My process? Well, when I do a shoot, with horses you have to shoot many frames, hundreds or even thousands, because you know that 98% of it is going to be thrown in the trash for one reason or another. The next step is to do a preliminary edit, where I go through the photos one by one and if anything has potential, I rate it with a star. Usually when I do this, I throw away 90% of what I shot. Then I do a second edit, more slowly, where I narrow things down even more. This is an important step, because when I go through the images, I am not looking for technical “correctness”. Rather, I am feeling which images give me a spark, which images that make me pause and feel something. It’s an emotional process. Then when I narrow it down even more, to perhaps 7 or 8, then I will start to “fine tune” and work on those images to bring out their potential.
Do you use Photoshop or other software or are your photos more natural?
I use Photoshop, but not in a really manipulative sort of way. I basically do what I would have done in the darkroom… darken here, lighten there, work with contrast and saturation, cropping. It’s a lot of little steps that all add up to the final image. I call it “fine tuning” or “bringing out the potential” of an image.
How has technology impacted your artistry and photos?
I was resistant to the change to digital at first, but then realized that there was great potential, and way less toxic chemistry to deal with. It gave me more tools, ultimately, to work on and create the images. So now I have embraced the technology. The downside of photography is that people now become more reliant on the technology to take a great photo, and it makes it more accessible to everyone, but there is still a certain “mastery” in photography that a camera or technology cannot create.
Where do you photograph – your most common locations? Do you have a favorite place to photograph either as a subject matter or as a background?
Since horses are my primary subject matter, I travel to where the most beautiful horses are. Spain and Portugal would be first on the list, and I would also include the Netherlands. But I have traveled to many countries to photograph horses… Spain, Portugal, The Netherlands, Morocco, Italy, Tunisia, Greece, Turkey, Canada, Mexico. What I do now allows me to travel to many different places.
How do you market yourself – do you have a website or social media that you use to promote your photography?
I have a website, a Facebook account, and an Instagram account. I probably use Facebook the most. Most of my clients for workshops come from word of mouth, or from the books and calendars that I have published over the years.
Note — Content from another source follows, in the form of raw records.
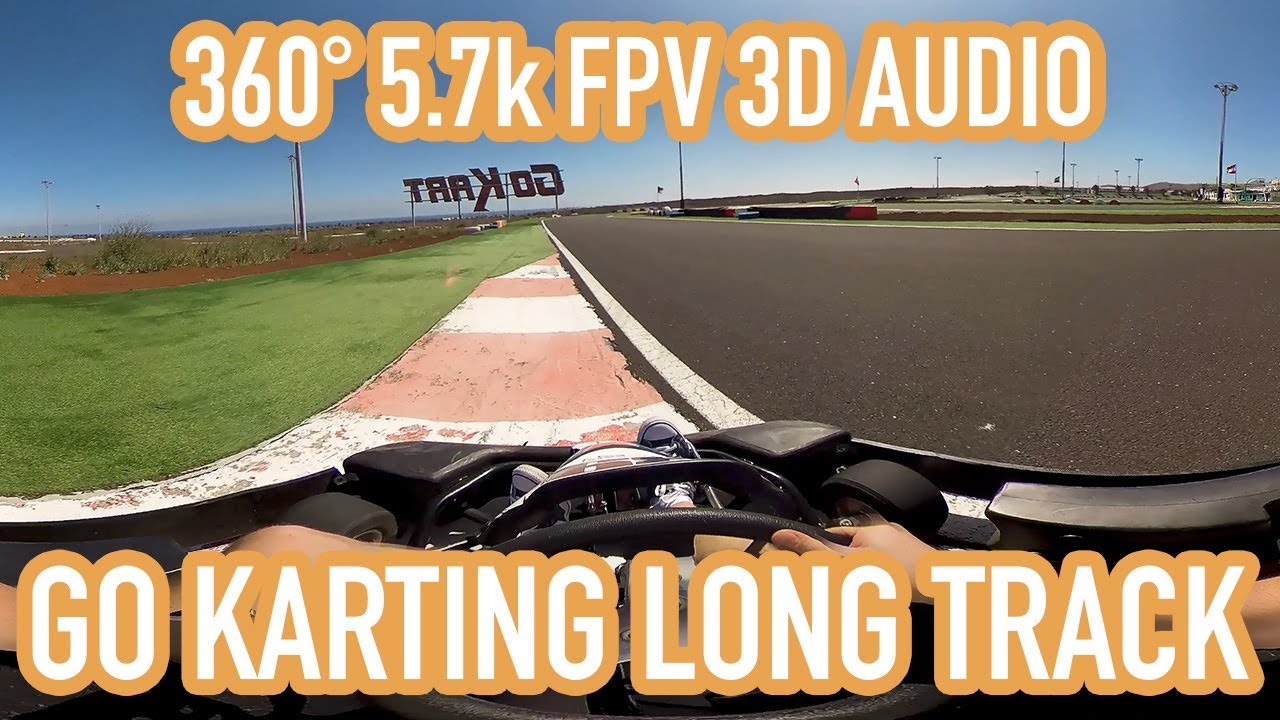 Best VR 360&deg; Video Go Kart Lanzarote Longest Track in Europe FPV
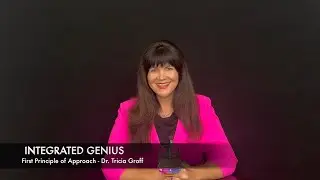 INTEGRATED GENIUS - First Principle of the Approach, with Dr. Tricia Groff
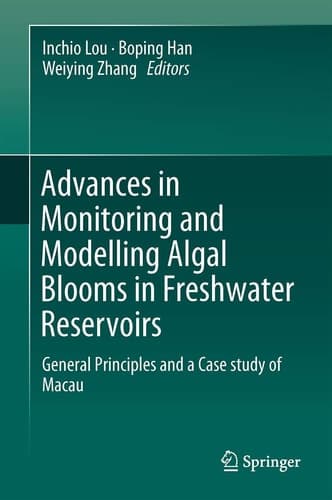 Advances in Monitoring and Modelling Algal Blooms in Freshwater Reservoirs General Principles and a Case study of Macau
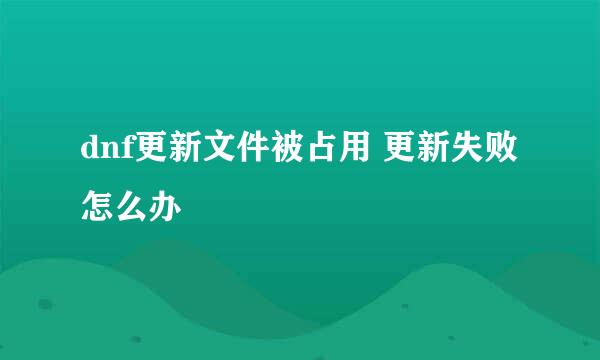 dnf更新文件被占用 更新失败怎么办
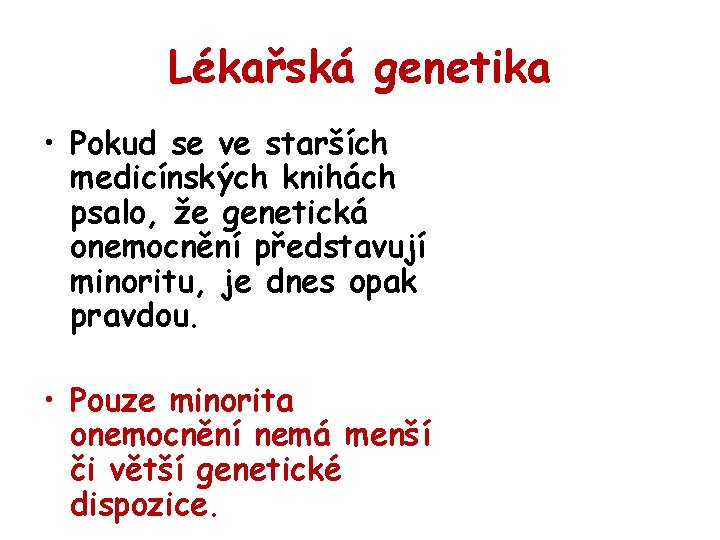 Lékařská genetika • Pokud se ve starších medicínských knihách psalo, že genetická onemocnění představují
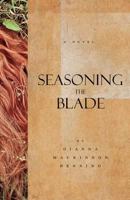 Seasoning the Blade 1939051606 Book Cover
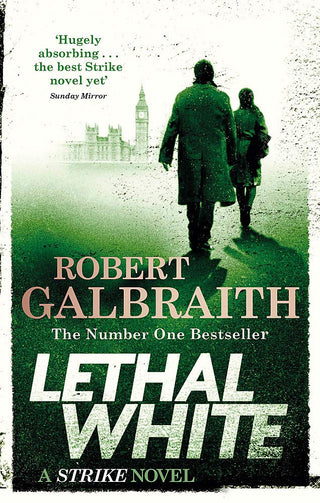 Lethal White - A Strike Novel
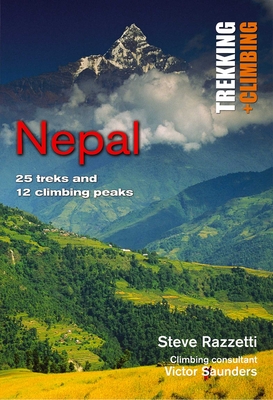 Nepal: Trekking and Climbing: 25 Classic Treks and 12 Climbing Peaks - Razzetti, Steve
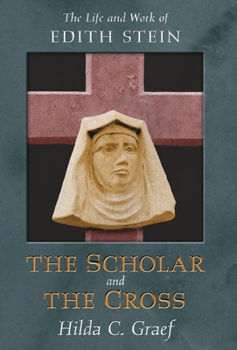 Hardcover The Scholar and the Cross: The Life and Work of Edith Stein Book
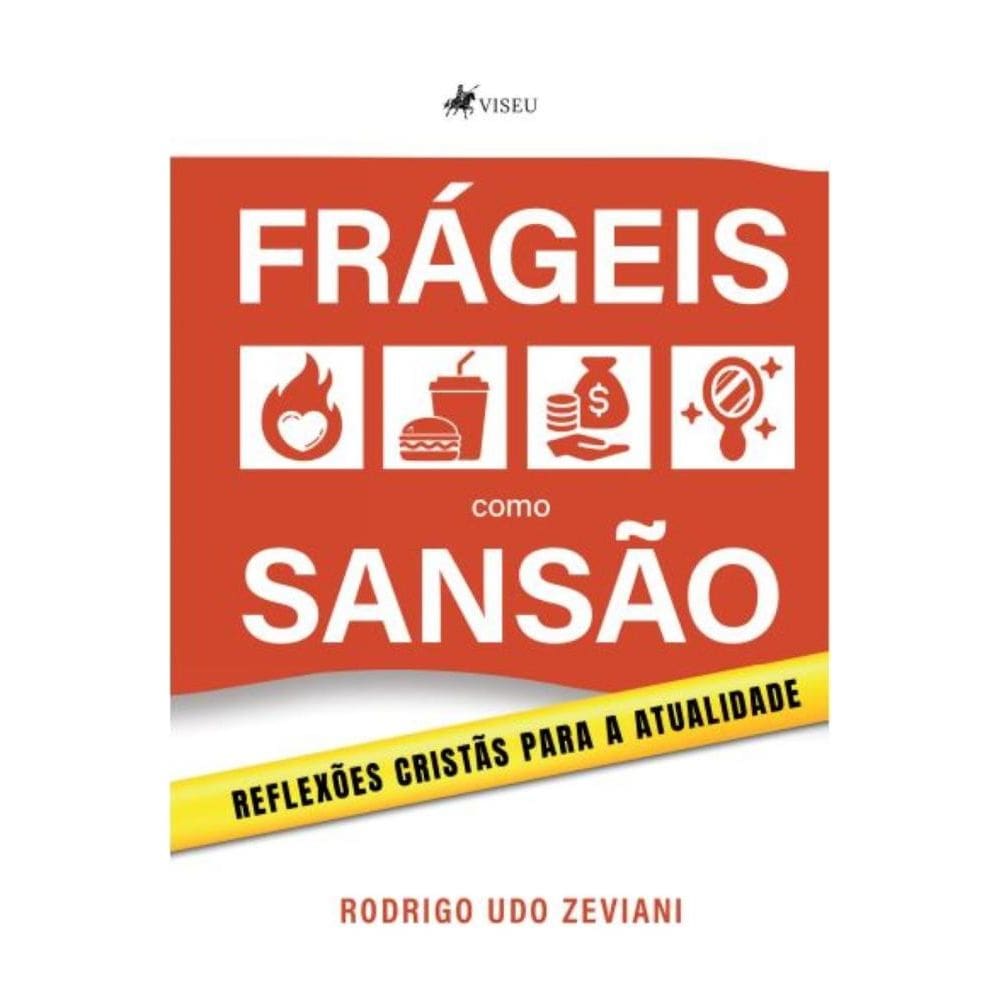 Frágeis como Sansão: Reflexões Cristãs para a Atualidade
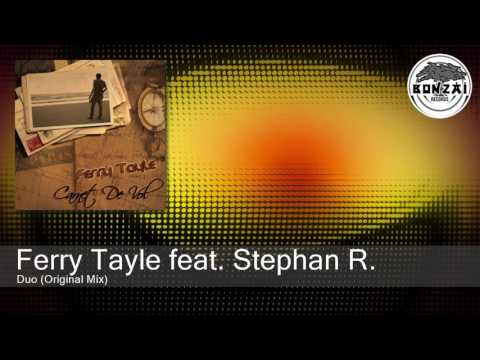 Ferry Tayle feat. Stephan R. - Duo (Original Mix)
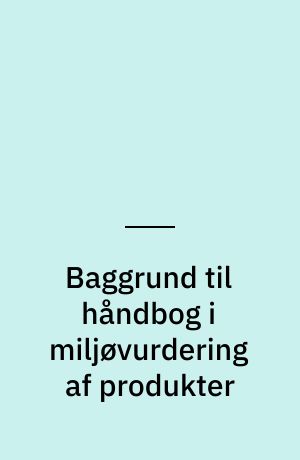 Baggrund til håndbog i miljøvurdering af produkter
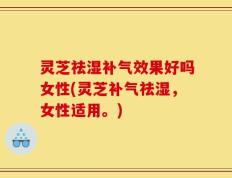 灵芝祛湿补气效果好吗女性(灵芝补气祛湿，女性适用。)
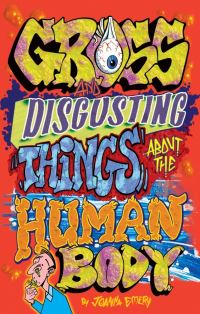Book Cover for Gross and Disgusting Things About the Human Body by Joanna Emery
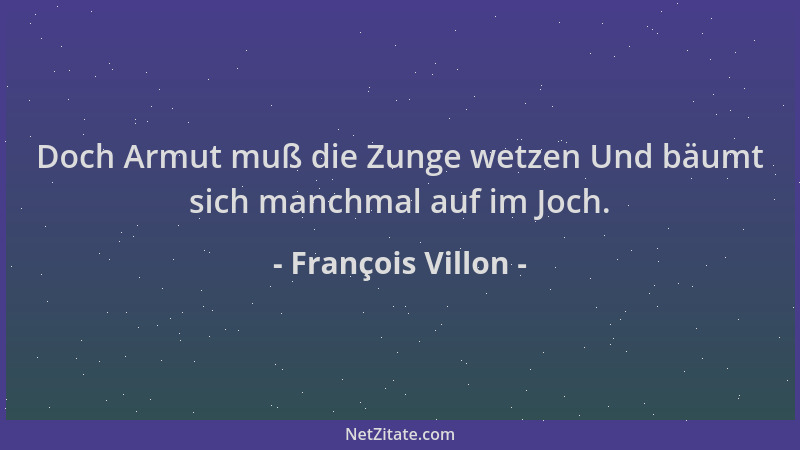 François Villon - Doch Armut muß die Zunge wetzen Und bäumt sich manchmal auf im Joch....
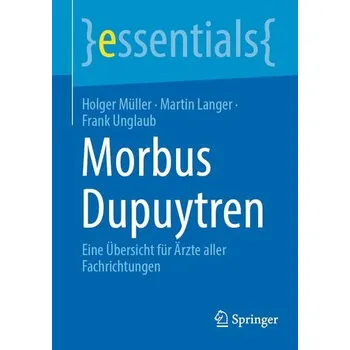Morbus Dupuytren - Müller, Holger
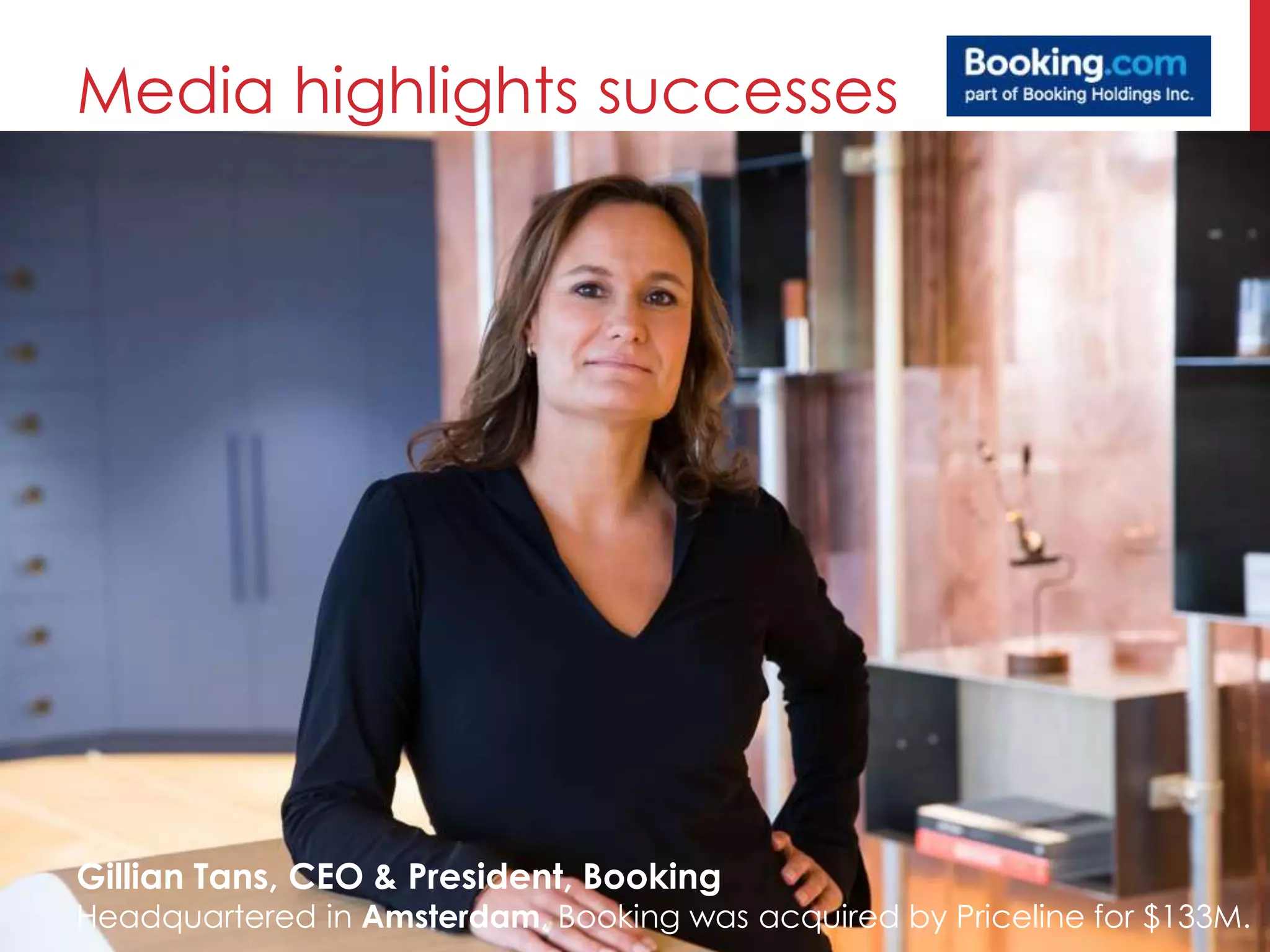 Media highlights successes
Gillian Tans, CEO & President, Booking
Headquartered in Amsterdam, Booking was acquired by Priceline for $133M.
 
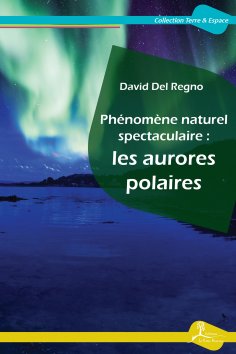 ebook: Phénomène naturel spectaculaire : les aurores polaires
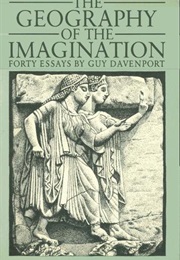 The Geography of the Imagination (Guy Davenport)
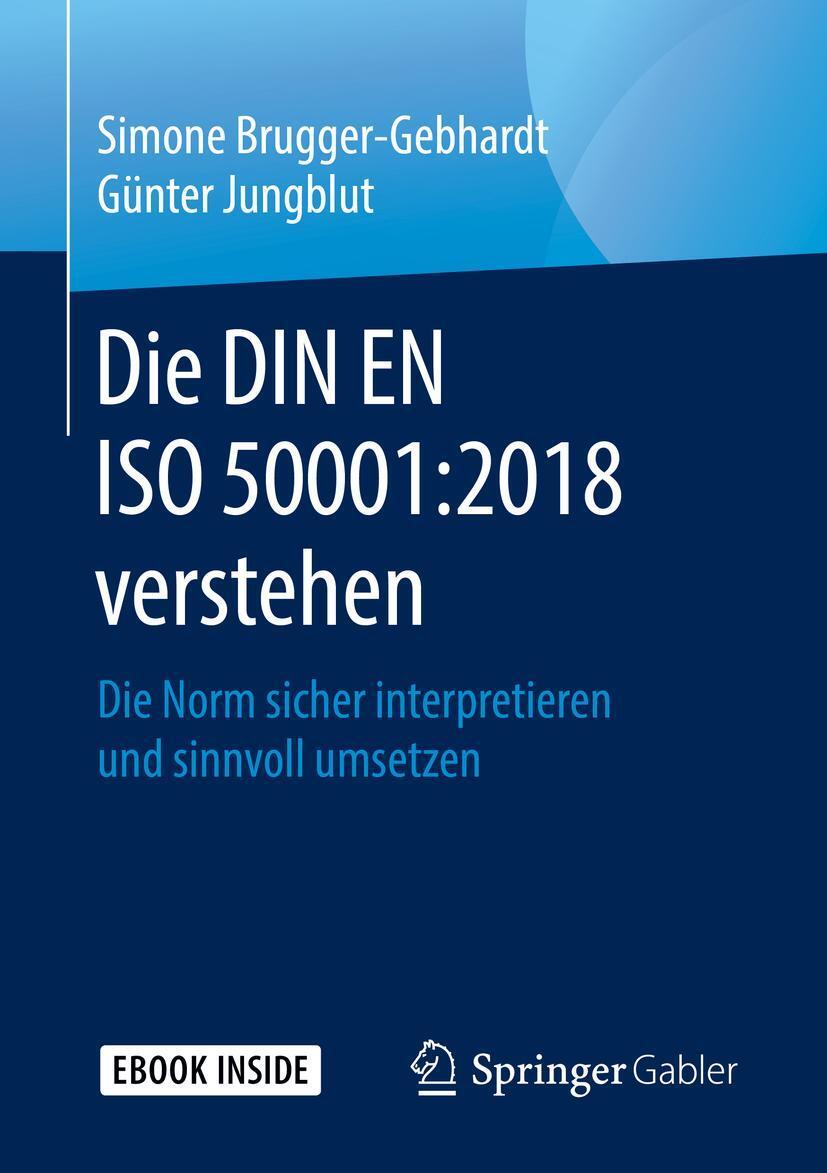 Cover: 9783658262655 | Die DIN EN ISO 50001:2018 verstehen | Simone Brugger-Gebhardt (u. a.)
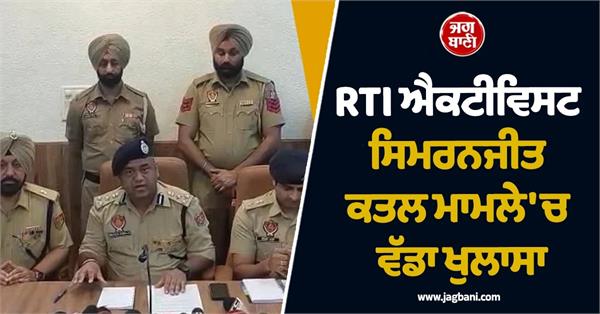 big revelation in rti activist simranjit murder case main accused arrested
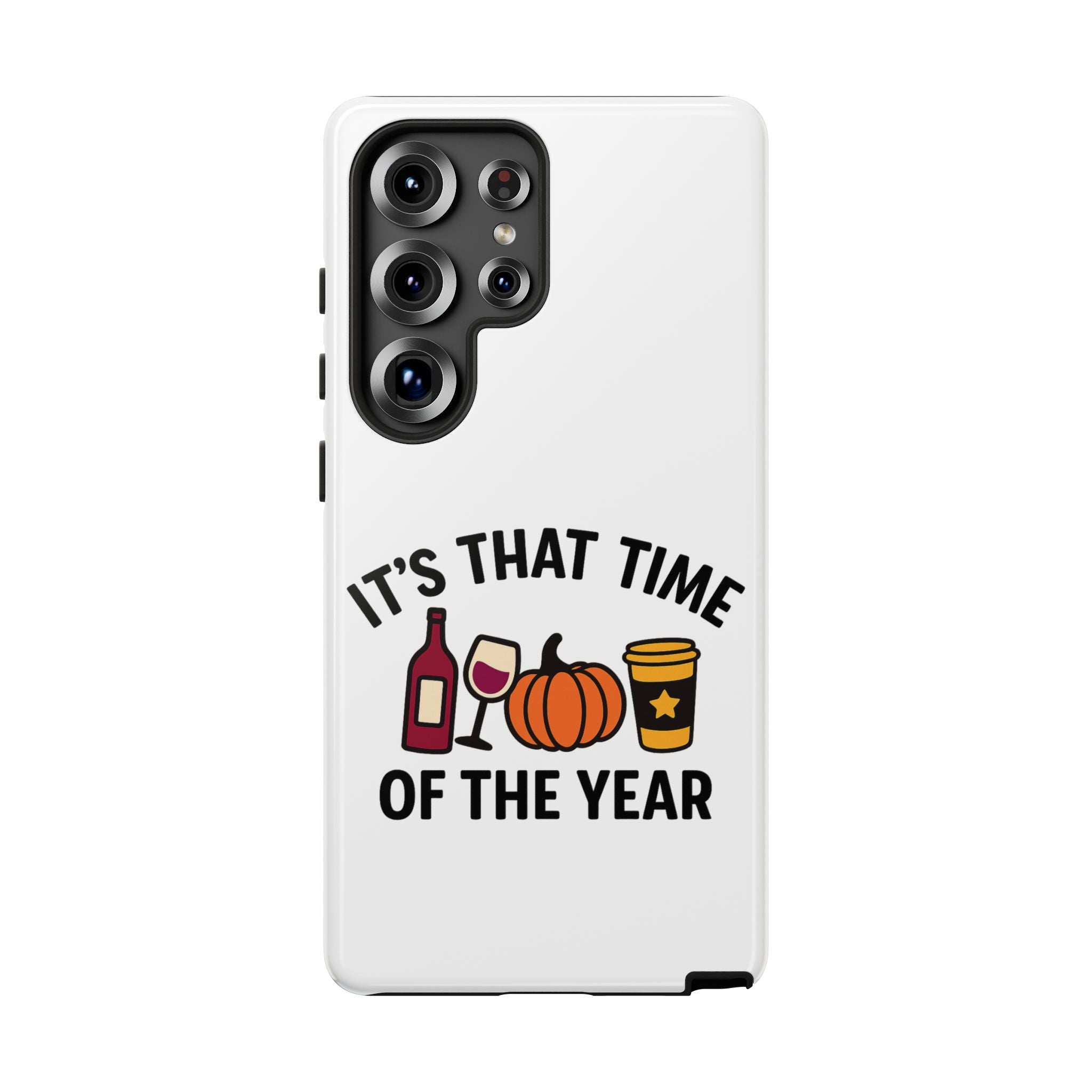 Festive Phone Case for Fall, It's That Time of the Year, Autumn Phone Cover, Seasonal Gift, Halloween Accessories, Harvest Design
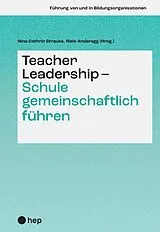 Kartonierter Einband (Kt) Teacher Leadership - Schule gemeinschaftlich führen von Nina-Cathrin Strauss, Niels Anderegg
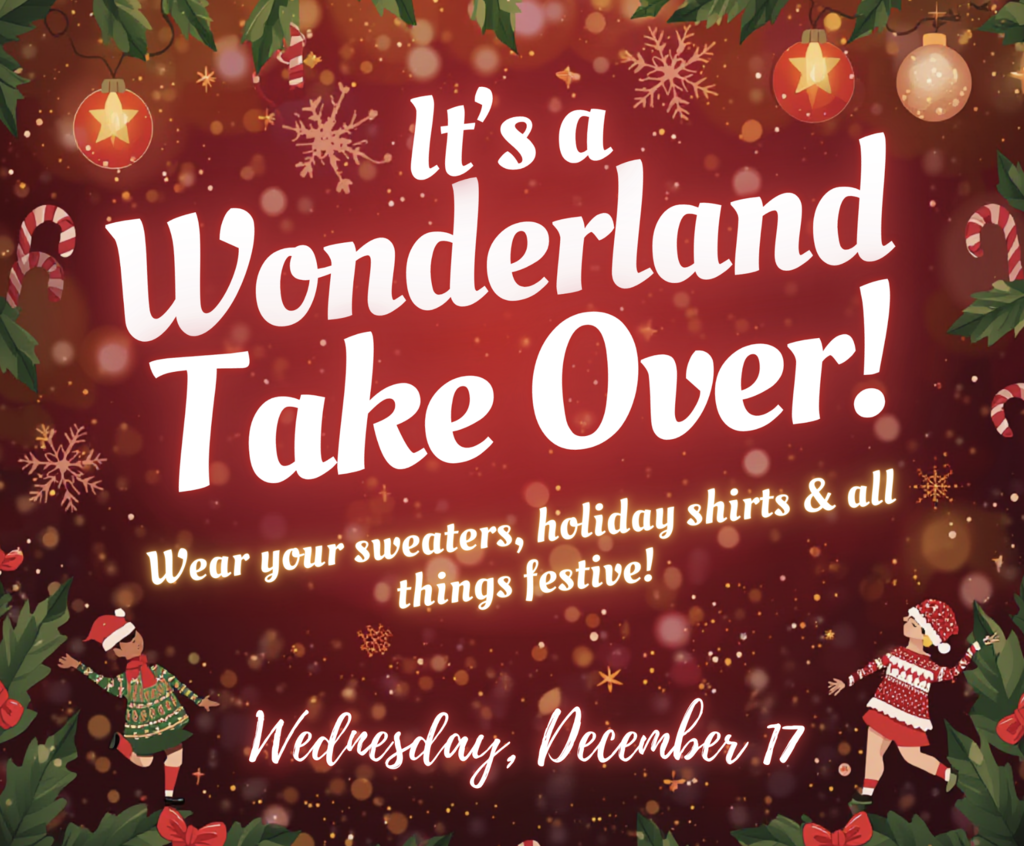 It's a wonderful take over! Wear your sweaters, holiday shirts, and all things festive Wednesday Dec 17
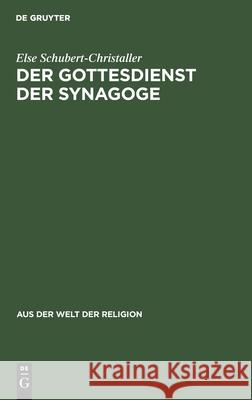 Der Gottesdienst Der Synagoge: Sein Aufbau Und Sein Sinn. Mit Ausgewählten Gebeten Else Schubert-Christaller 9783111251318 De Gruyter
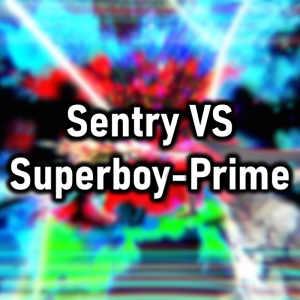 Zzzzz 1782669061sentry Vs Superboy Prime — Cryo's 2026 Media option 255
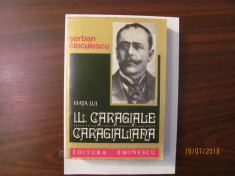 CY - Serban CIOCULESCU &amp;quot;Viata lui I. L. Caragiale&amp;quot; foto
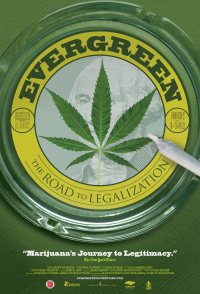 Evergreen: The Road to Legalization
It is at a point where I do not have to market aggressively anymore – I have an established name and reputation after over 40 years of doing photography.
Facebook: Tony Stromberg Photography
How do people find you and your photos – do you sell your photos or are you more “to hire” / commission-based?
Workshops are my primary “thing”. People love my work, my style, and they want to learn how I do what I do. They find me through search engines, through my books, through my calendars, through various articles that have been written about my work over the years. It’s a little of everything, I guess. I do sell my photos as large prints through some art galleries, and also privately to individuals or interior designers. I do very little “commission” work anymore.
Have you (your photos) won any awards?
When I was doing advertising photography, my work won many awards because the ad agencies and design firms that I worked for would enter many contests and win, and since I was the photographer on the project, I was part of the team that got the award. I don’t enter competitions anymore, because I don’t feel I need to. I already have recognition. Plus, it gets expensive with all the entry fees.